Now it was a little marmite, and irrespective of the competition, I actually really enjoyed learning about the chart type and also reflecting on individuals opinions on its practical use. It was a chart I had never built before in my career, and that alone brings me a lot of joy doing something new. Feels like I’m growing.

If you’d like to learn more check out the blog on how the build works here.

But, It sent me a down a bit of rabbit hole. What does the chart really show? Why is it useful? Was it complex for the sake of it? Where are the difficulties in interpreting the chart type?

And you may have seen me slightly facetiously present my own bias on why I think the violin is a ‘good looking’ chart compared to is evil stats twin whilst at the North West TUG. With a few clickbait slides on whether visual best practice always matters, I wanted to gauge how people felt about experimenting with other charts and why my violin chart was out of tune.

Originally tweeted by Neil Richards (@theneilrichards) on 5th Jul 2022.

A moment of reflection, why did I think the violin worked well?

Well, we see where the main bulk of the data sits.
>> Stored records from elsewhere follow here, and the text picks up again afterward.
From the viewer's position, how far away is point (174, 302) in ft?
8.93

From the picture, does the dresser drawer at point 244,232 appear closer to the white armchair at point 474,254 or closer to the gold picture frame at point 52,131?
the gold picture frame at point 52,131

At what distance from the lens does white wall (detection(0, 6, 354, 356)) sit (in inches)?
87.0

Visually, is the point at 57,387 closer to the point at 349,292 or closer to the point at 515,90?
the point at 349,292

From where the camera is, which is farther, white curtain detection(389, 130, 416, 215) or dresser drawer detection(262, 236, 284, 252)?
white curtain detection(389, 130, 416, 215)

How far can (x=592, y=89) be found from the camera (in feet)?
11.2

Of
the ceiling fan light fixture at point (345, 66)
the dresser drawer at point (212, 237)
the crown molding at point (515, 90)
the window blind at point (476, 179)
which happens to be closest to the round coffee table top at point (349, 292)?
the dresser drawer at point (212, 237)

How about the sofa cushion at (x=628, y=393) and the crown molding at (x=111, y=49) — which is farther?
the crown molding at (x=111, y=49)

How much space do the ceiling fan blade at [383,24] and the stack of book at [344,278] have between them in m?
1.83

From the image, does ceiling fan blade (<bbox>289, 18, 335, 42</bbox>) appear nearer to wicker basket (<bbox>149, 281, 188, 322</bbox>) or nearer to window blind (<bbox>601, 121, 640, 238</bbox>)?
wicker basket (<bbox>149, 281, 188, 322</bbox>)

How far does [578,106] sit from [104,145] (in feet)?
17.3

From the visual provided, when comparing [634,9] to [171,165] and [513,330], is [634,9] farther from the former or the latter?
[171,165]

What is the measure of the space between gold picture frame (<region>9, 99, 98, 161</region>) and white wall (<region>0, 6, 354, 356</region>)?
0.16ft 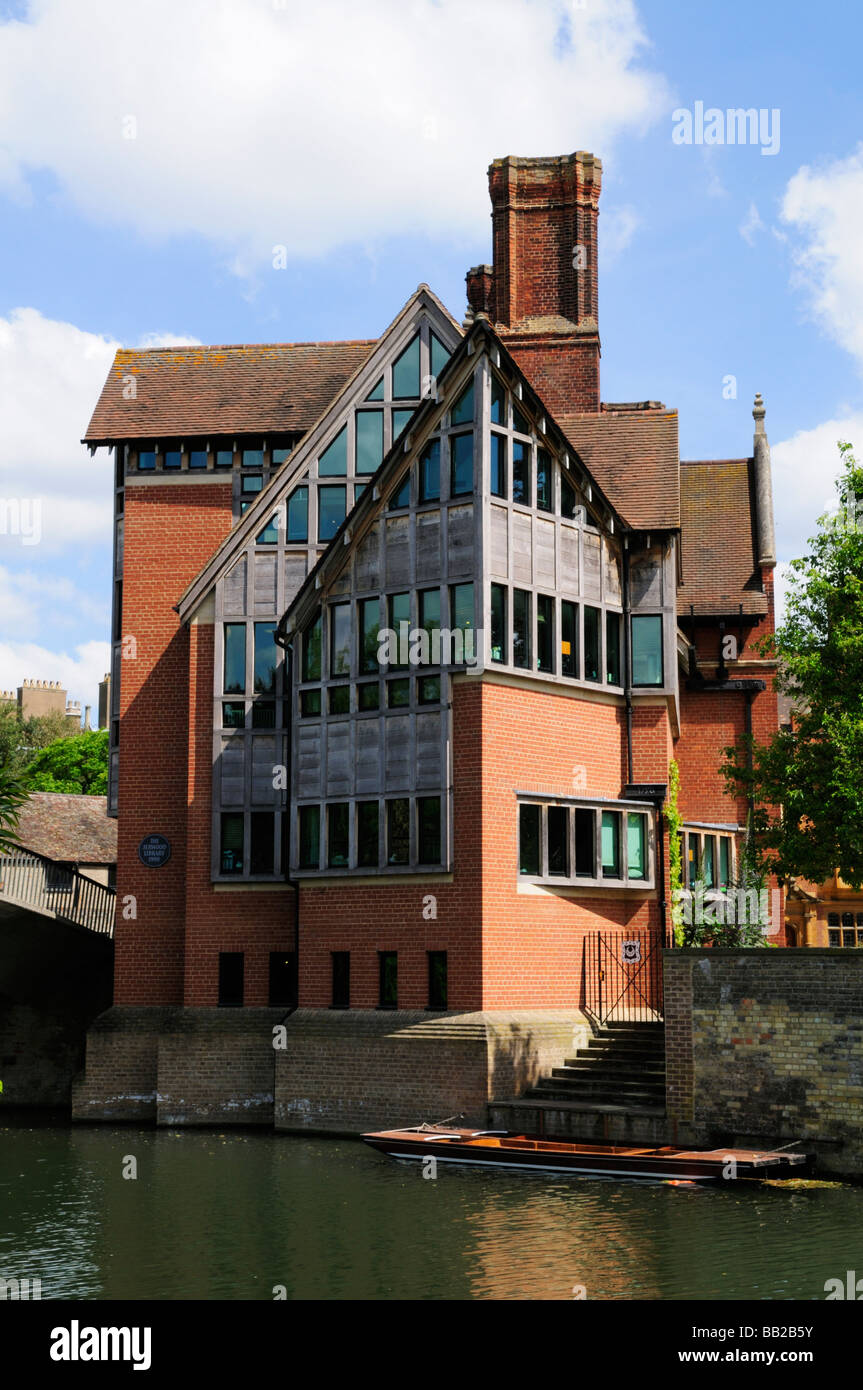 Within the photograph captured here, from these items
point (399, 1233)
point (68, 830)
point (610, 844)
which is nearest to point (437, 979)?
point (610, 844)

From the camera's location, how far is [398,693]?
29.4 meters

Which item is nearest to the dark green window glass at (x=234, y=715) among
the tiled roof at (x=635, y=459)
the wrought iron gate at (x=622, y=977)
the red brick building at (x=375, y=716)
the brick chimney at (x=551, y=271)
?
the red brick building at (x=375, y=716)

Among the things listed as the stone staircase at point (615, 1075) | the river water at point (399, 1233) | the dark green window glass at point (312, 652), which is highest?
the dark green window glass at point (312, 652)

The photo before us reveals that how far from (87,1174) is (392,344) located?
17.7 metres

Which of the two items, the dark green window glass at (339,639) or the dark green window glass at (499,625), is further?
the dark green window glass at (339,639)

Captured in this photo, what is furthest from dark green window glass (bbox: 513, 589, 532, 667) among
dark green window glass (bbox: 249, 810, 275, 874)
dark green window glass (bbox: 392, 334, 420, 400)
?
dark green window glass (bbox: 249, 810, 275, 874)

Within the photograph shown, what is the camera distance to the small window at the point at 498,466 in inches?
1137

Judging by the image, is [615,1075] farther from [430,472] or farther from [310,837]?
[430,472]

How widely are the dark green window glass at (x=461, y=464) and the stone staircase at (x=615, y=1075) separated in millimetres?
10579

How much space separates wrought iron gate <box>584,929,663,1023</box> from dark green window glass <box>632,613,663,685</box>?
5.20 m

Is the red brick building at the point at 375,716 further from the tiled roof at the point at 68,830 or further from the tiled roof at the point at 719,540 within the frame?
the tiled roof at the point at 68,830

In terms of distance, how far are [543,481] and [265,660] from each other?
717cm

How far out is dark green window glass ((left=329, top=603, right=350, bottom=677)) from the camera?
30.3 m

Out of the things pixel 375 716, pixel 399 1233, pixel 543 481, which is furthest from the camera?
pixel 543 481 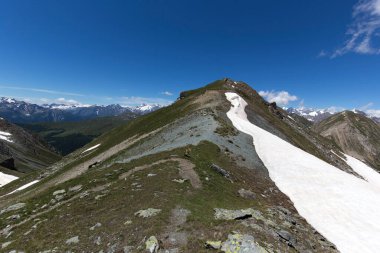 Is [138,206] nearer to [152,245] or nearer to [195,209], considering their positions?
[195,209]

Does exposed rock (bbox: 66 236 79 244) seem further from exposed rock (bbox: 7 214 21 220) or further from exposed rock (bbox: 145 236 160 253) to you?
exposed rock (bbox: 7 214 21 220)

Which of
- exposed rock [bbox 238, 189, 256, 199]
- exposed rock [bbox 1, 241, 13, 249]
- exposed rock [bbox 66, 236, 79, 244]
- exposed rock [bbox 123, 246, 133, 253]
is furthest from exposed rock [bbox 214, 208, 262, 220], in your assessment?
exposed rock [bbox 1, 241, 13, 249]

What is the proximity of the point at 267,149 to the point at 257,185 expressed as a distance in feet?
51.4

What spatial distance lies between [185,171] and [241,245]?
1275 cm

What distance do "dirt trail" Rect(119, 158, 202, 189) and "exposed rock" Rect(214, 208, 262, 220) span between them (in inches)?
178

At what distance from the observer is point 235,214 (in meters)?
19.7

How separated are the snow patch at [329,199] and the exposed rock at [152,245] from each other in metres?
14.6

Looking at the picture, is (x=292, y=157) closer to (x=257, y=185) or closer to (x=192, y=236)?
(x=257, y=185)

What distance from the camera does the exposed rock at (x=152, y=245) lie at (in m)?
15.0

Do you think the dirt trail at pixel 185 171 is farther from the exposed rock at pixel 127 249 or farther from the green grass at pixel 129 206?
the exposed rock at pixel 127 249

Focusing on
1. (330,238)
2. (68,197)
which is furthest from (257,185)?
(68,197)

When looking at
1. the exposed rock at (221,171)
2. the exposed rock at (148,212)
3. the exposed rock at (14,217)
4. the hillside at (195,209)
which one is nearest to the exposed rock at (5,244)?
the hillside at (195,209)

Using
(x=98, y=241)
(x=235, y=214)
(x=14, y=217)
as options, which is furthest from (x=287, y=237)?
(x=14, y=217)

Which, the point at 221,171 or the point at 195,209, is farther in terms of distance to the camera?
the point at 221,171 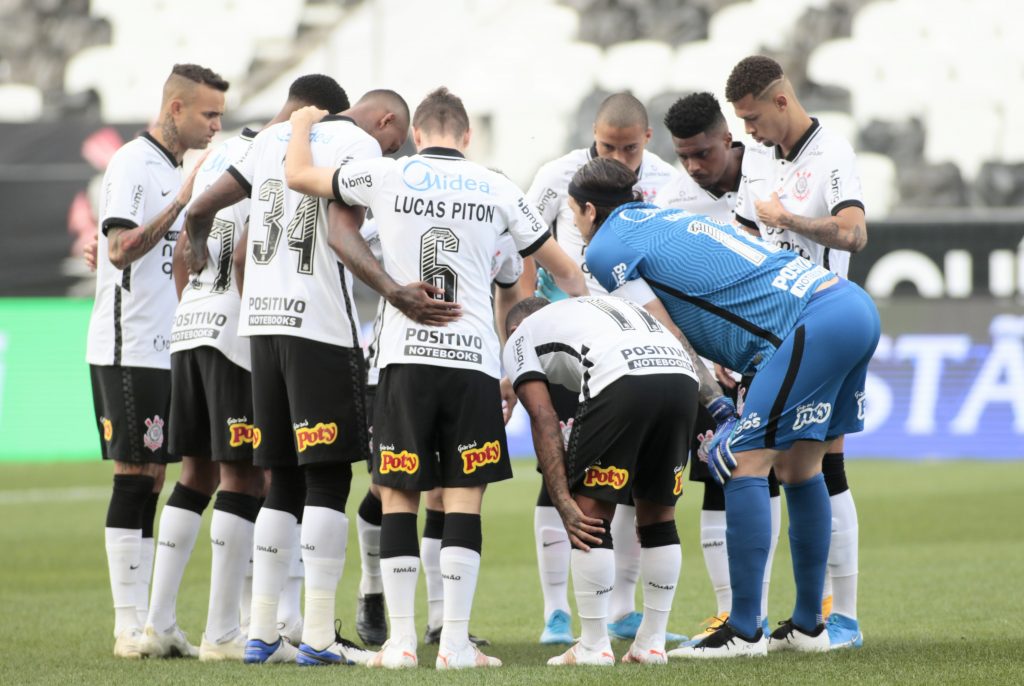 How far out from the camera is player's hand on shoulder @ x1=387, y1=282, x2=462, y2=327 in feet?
16.7

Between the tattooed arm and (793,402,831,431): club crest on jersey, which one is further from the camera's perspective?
the tattooed arm

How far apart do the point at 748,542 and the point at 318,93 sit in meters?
2.72

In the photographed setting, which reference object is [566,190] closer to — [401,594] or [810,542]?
[810,542]

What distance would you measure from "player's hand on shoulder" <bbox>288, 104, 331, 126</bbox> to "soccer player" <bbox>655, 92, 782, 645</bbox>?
1.68 meters

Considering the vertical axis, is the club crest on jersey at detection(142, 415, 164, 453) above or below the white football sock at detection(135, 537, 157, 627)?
above

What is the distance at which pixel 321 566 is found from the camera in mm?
5285

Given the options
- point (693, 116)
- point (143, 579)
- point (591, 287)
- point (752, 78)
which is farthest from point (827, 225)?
point (143, 579)

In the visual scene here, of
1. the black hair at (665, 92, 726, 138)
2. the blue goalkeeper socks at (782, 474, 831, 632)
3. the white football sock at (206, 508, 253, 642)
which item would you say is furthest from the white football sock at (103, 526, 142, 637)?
the black hair at (665, 92, 726, 138)

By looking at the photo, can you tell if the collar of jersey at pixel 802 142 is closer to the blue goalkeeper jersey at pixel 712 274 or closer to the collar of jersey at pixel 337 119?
the blue goalkeeper jersey at pixel 712 274

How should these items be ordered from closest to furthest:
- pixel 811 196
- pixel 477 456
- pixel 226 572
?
1. pixel 477 456
2. pixel 226 572
3. pixel 811 196

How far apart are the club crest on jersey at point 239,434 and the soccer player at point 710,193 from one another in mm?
1962

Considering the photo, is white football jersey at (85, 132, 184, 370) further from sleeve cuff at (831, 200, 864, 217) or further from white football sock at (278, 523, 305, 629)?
sleeve cuff at (831, 200, 864, 217)

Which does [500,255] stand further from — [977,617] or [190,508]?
[977,617]

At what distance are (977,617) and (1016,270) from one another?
9.34m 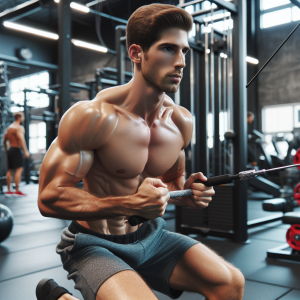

We can gauge quite easily things such as minimum, maximum and vaguely we could hazard a guess at where the interquartile range sits. It works great for a simplified overview. Finally and most importantly in this case we got to see the change over time with plotting a previous line, with a polygon current.

So I started to experiment with different ways of showing it visually.

And whilst, I think the disjointedness in symmetry still works aesthetically, it doesn’t solve some of our issues.

It further raise the question, is there anything we can do to improve it as a chart type to bring out some of the following missing elements.

  • How do I bring data in from not being at an aggregate level?

  • How can I find the quartiles, medians and outliers?

Where do I turn in a moment of need? Well to my favourite part of Tableau, layers!

So I reunion the output of my violin and stack it with a full outer join with my original dataset. Now I am able to plot all my original values at a more granular level. A few more extra bits and pieces to tie the previous value with a line to the value on the right to see the shift over time and it actually feels like I’m getting somewhere.

But I’m still not focusing on quartiles, medians and outliers. At this point, Maybe the boxplot was all I ever needed?

The box plot after all:

  • Has a granular level of life expectancy for each country.

  • It is easy to interpret

  • They are easy to create

  • We can find the quartiles, median and outliers

  • We can summarise variations in large datasets very easily

Who knows, I’ll let you decide. Either way, I’m glad to have gone down this thought path and learnt a bunch of calculations along the way.

To finalise, here are a few things I saw in the community in the last few weeks that really excited me. Firstly, at the NW TUG we even started talking about pyramid type charts with bars and bins. We even started to discuss whether what I ended up with is really even a violin chart?

I saw this great example online calling it a corset plot, looking at changes in drinking days.

I came across this lovely animated piece more recently on twitter looking at employment levels over time. I loved the animation piece to it, as well as the design having the values down the centre. I wish there was a way to animate opacity…. Imagine how incredible the seamless storytelling could be.

Finally, this piece from Ansgar. Does it finally tackle how I could have looked at quartiles and median using a bar over polygon?

So I guess, I’m playing all the right notes, just not necessarily in the right order.